__TRY IT__
The required output is the line with "media/Mar-09-2024-SoCal Trackdays (Sat)" through the final line of the entries, each one exactly as it stands.

[Crawled caption data]
=-=-=-=-=

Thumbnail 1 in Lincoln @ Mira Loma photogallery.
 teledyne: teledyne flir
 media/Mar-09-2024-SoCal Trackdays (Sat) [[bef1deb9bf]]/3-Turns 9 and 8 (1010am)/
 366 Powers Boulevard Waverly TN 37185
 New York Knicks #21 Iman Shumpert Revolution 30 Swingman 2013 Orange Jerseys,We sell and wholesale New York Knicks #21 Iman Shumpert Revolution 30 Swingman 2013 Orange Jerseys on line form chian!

=-=-=-=-=

__RESULT__
 media/Mar-09-2024-SoCal Trackdays (Sat) [[bef1deb9bf]]/3-Turns 9 and 8 (1010am)/
 366 Powers Boulevard Waverly TN 37185
 New York Knicks #21 Iman Shumpert Revolution 30 Swingman 2013 Orange Jerseys,We sell and wholesale New York Knicks #21 Iman Shumpert Revolution 30 Swingman 2013 Orange Jerseys on line form chian!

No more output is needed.